● DATA BELOW
◇ ◇ ◇ ◇
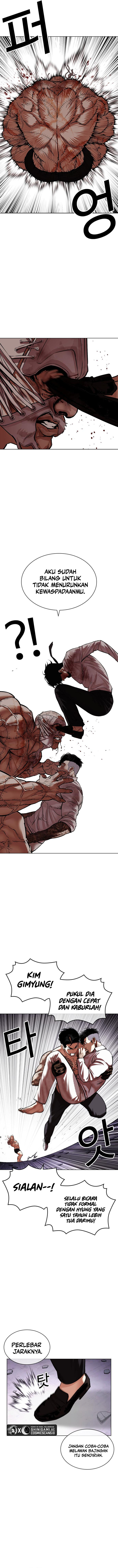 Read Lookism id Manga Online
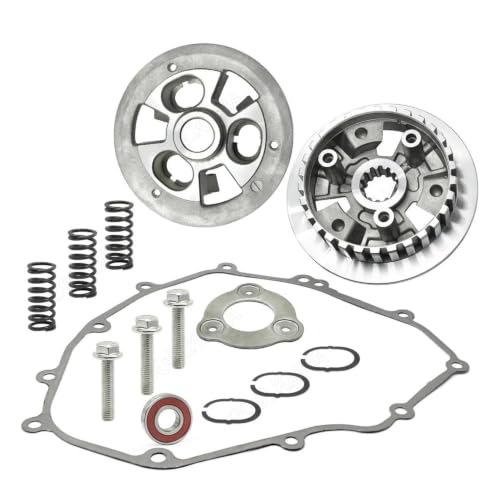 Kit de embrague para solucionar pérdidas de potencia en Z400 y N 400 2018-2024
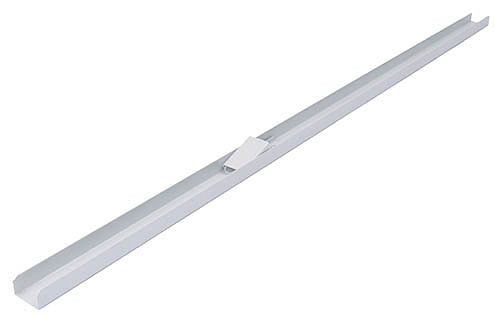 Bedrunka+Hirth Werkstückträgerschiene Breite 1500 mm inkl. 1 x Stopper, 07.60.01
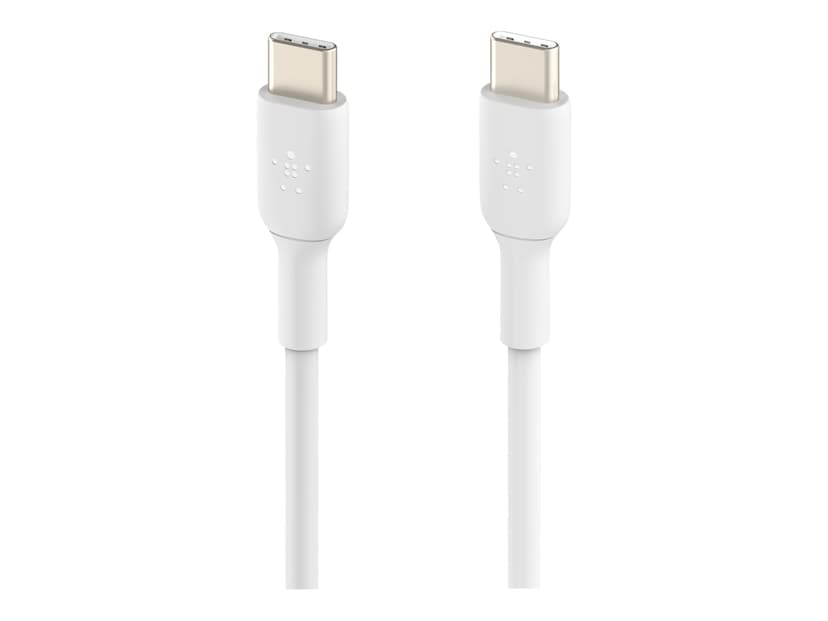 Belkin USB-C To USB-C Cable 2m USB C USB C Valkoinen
◇ ◇ ◇ ◇
● EXERCISE REQUIREMENTS
Print exactly the span of lines that begins with the line containing "Bedrunka+Hirth Werkstückträgerschiene Breite" and ends with the last line of the listing, with no pictures.

● RESULT FOR THIS TASK
 Bedrunka+Hirth Werkstückträgerschiene Breite 1500 mm inkl. 1 x Stopper, 07.60.01
 Belkin USB-C To USB-C Cable 2m USB C USB C Valkoinen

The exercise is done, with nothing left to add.